• Task directions: Please transcribe exactly the lines from the line holding "kBox4-Single-Arm-Upright-Row2 Exxentric kBox4" through the end of the data below, and skip any pictures.

[Data provided — start]

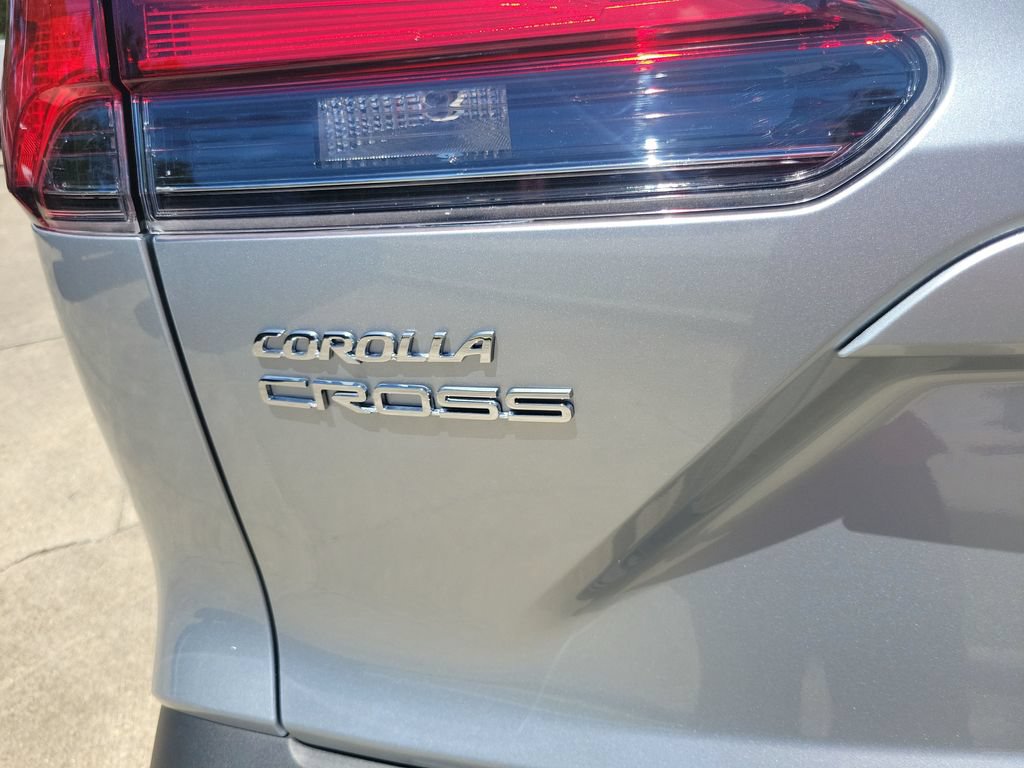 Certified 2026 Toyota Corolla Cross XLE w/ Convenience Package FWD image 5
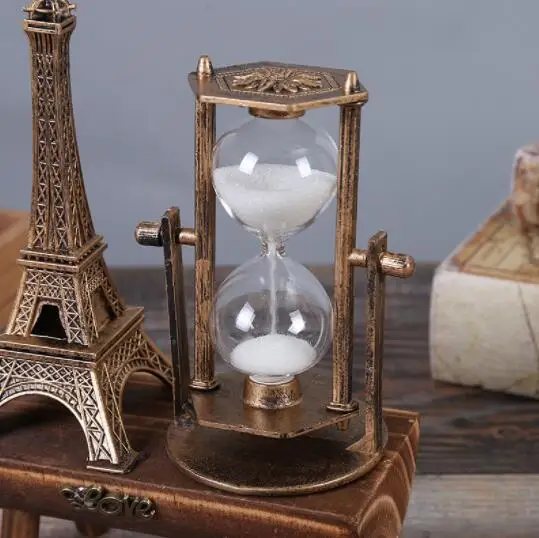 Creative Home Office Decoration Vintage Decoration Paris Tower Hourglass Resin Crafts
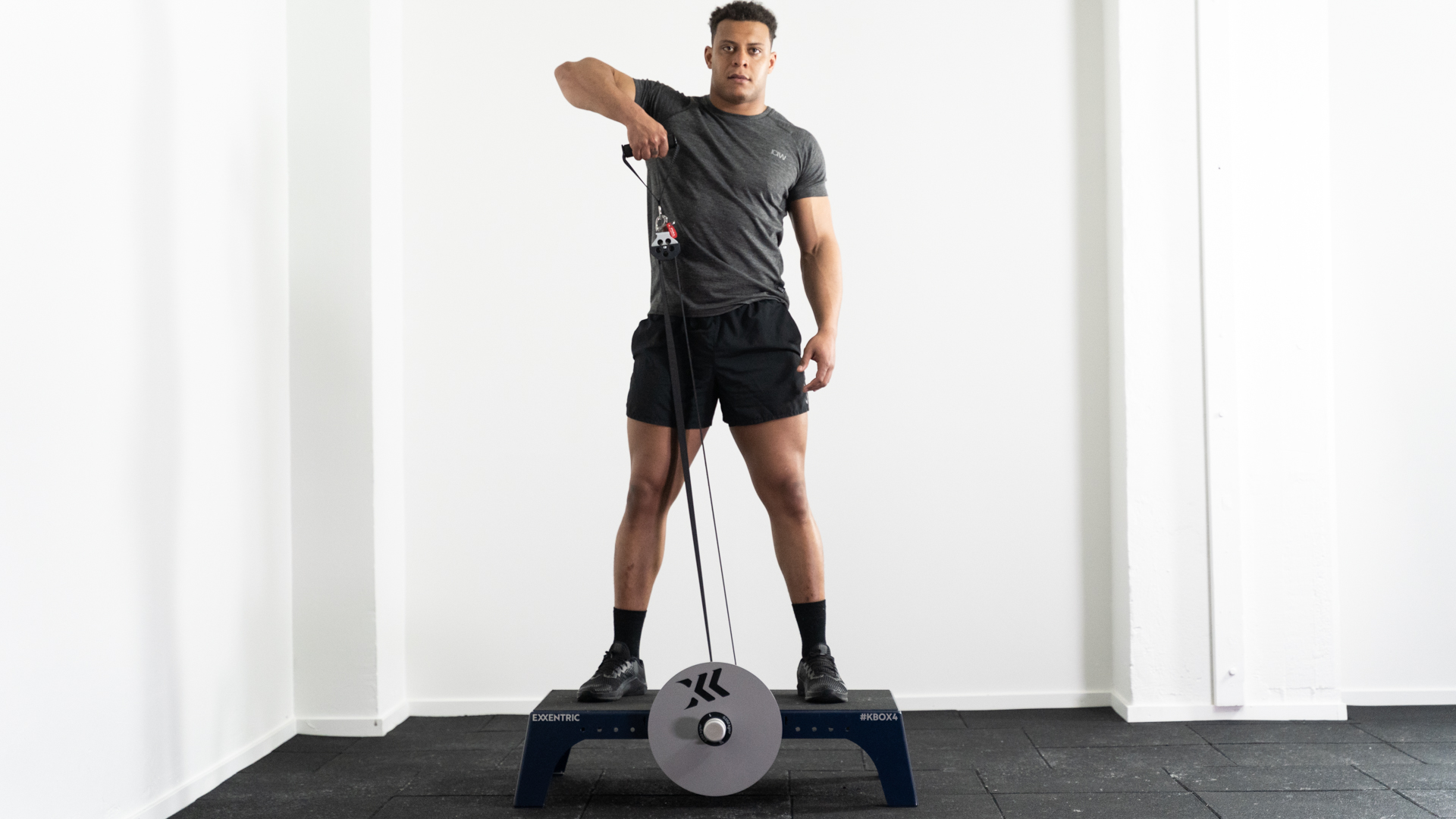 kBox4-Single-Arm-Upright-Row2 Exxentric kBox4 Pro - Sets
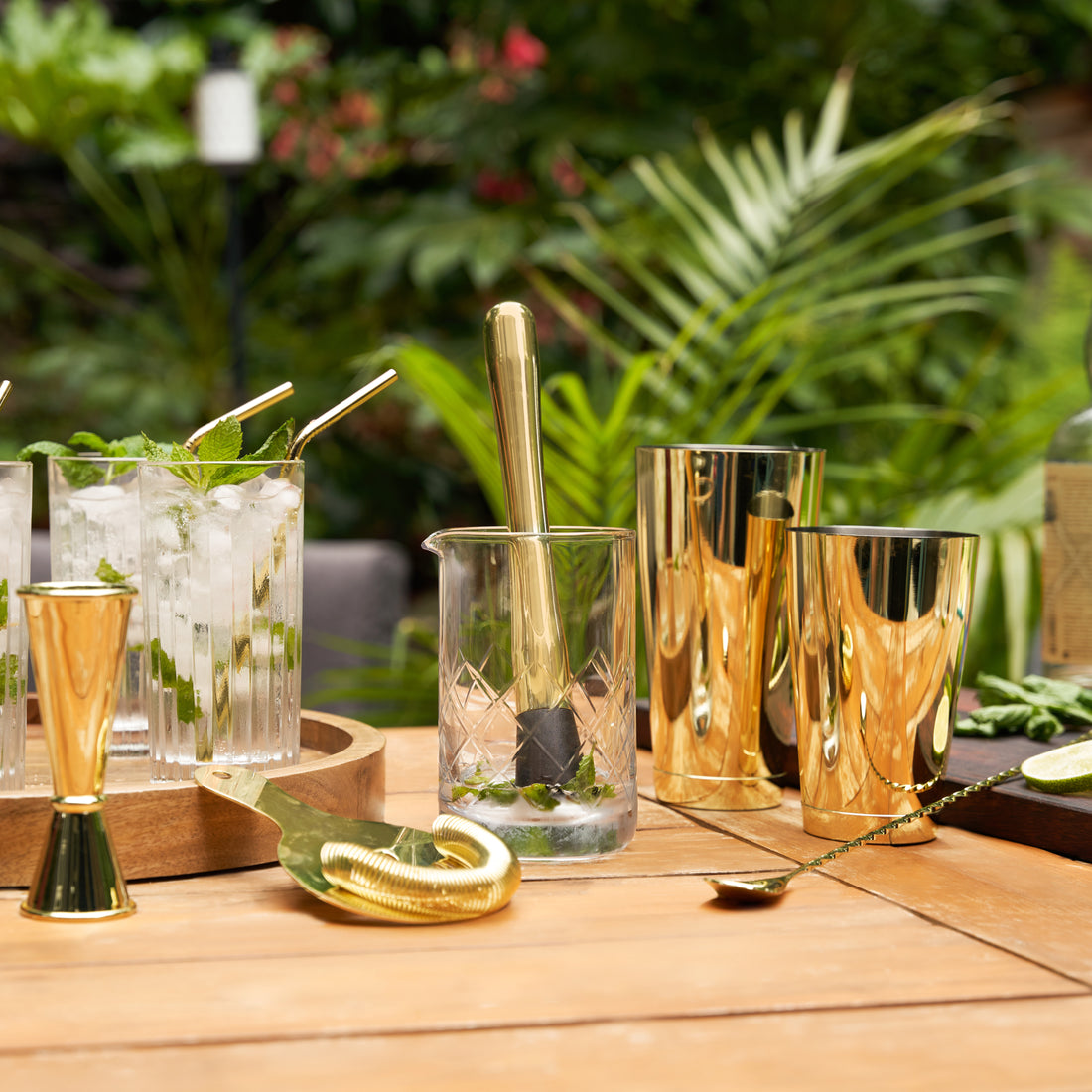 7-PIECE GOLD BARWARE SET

[Data provided — finish]

• Task solution:
 kBox4-Single-Arm-Upright-Row2 Exxentric kBox4 Pro - Sets
 7-PIECE GOLD BARWARE SET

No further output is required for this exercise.